Travelers v. Baptist Health System
Fraudulent transactions continue to plague businesses. Make sure you have sufficient internal controls over invoice payments to make sure you can avoid the loss like the one suffered by one company who lost over $875,000 due to fraudulent invoices submitted by a scammer.
Your internal controls should include training against social engineering. Con artists attempt to gain information through apparently harmless telephone calls to employees, sometimes posing as another banker or as an equipment salesperson. They ask questions regarding the type of printers and copiers utilized by the institution, who is in charge of ordering supplies, and what procedures are followed. With this information, they can easily prepare fake invoices which are submitted for payment. The invoices appear to be legitimate because they contain information that an insider is unlikely to know. Now would be a good time to review your invoice payment procedures, training schedule and insurance policies.
Match all invoices to orders;
Centralize your purchasing function and have the purchasing person/department approve all invoices before payment;
Don't utilize something simple like an "OK to pay" stamp or other method that could easily be duplicated;
Alert your employees to the fact that a caller may attempt to social engineer them into divulging information about the type of equipment your institution uses in order to later dummy-up invoices. A common ploy is for the scammer to call, pretending to be selling copiers, for example. They'll say, "Are you happy with your current copier? Are you thinking about making a change in the near future?" Typically, the person will say they're happy with the existing equipment. The "salesman" will then say, "I'm just curious. Would you mind telling me the make and model you currently use?" They will then politely thank the bank employee for their time and promise to call again in the future. A call like that barely registers as a blip on the banker radar because it seems so innocuous, but the whole purpose is to gain vital information that will aid the con artist in making legitimate-looking invoices that will be paid without question.

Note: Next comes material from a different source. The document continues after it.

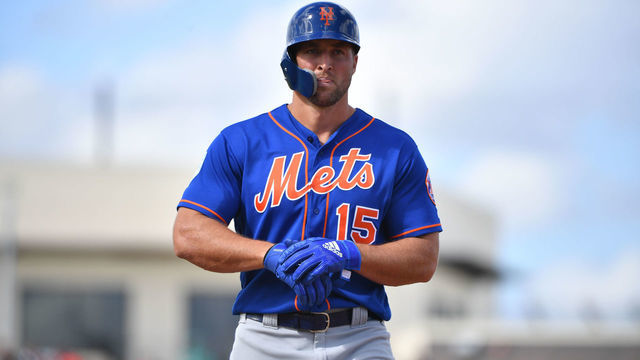 WEST PALM BEACH, FL - MARCH 07: Tim Tebow #15 of the New York Mets at bat during the spring training game against the Washington Nationals at The Ballpark of the Palm Beaches on March 7, 2019 in West Palm Beach, Florida.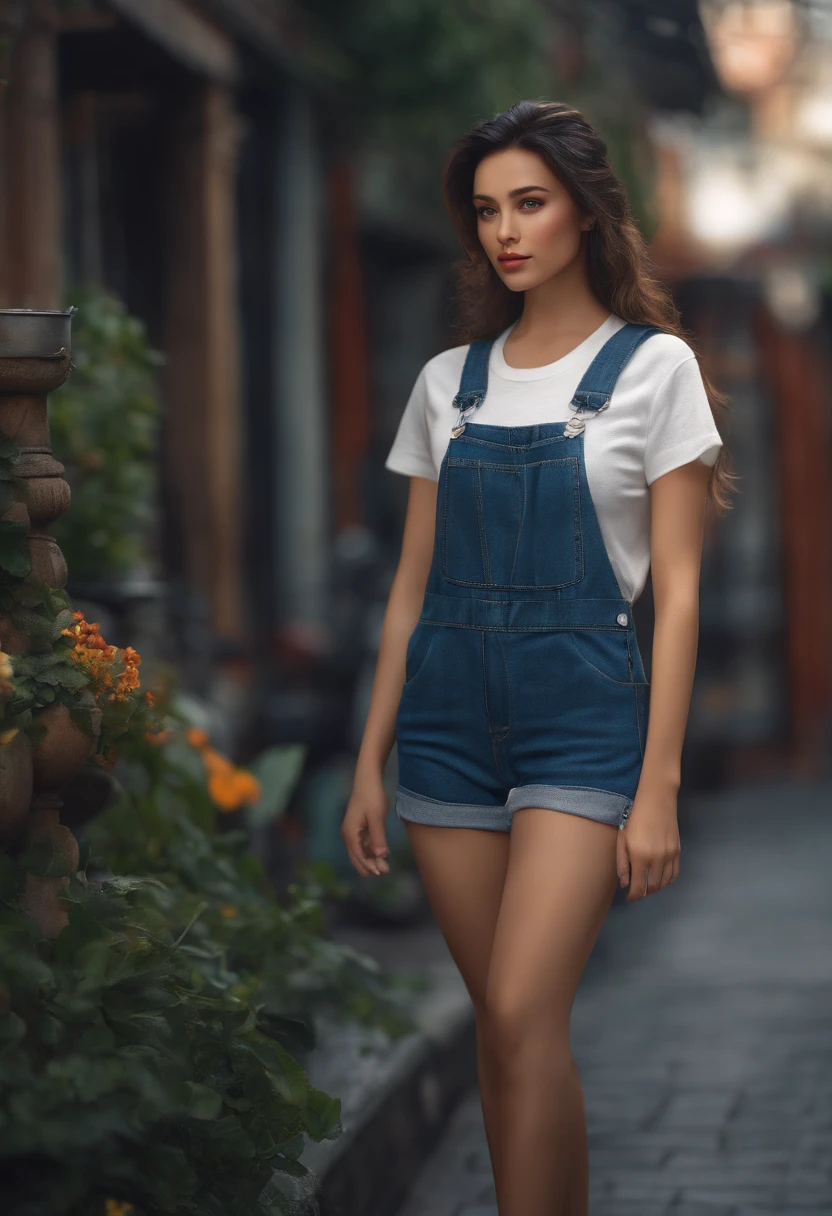 a photo of pho3b3cat3s, beautiful woman, ((24 years old)), street, tshirt, denim overalls, 1980s, retro, long wavy dark hair ponytail, (masterpiece), (extremely detailed CG unity 8k wallpaper), Intricate, ((photorealistic)),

In this case, the fact that the claim was not covered by insurance means the company bore the entire loss - nearly a million dollars!
The case involved a heath care provider and an insurance company. The vendor learned that the company's invoice payment procedures involved the payment of all invoices marked "ok to pay". Instead of submitting invoices to the appropriate department for approval, the vendor marked them "ok to pay" and delivered them directly to the accounting department of the health care provider for payment. When the fraud was discovered, the company filed a claim with its insurer, but the claim was refused. The Fifth Circuit U.S. Court of Appeals held that the provisions of the insurance contract only covered forgeries or alterations of certain instruments and did not include invoices.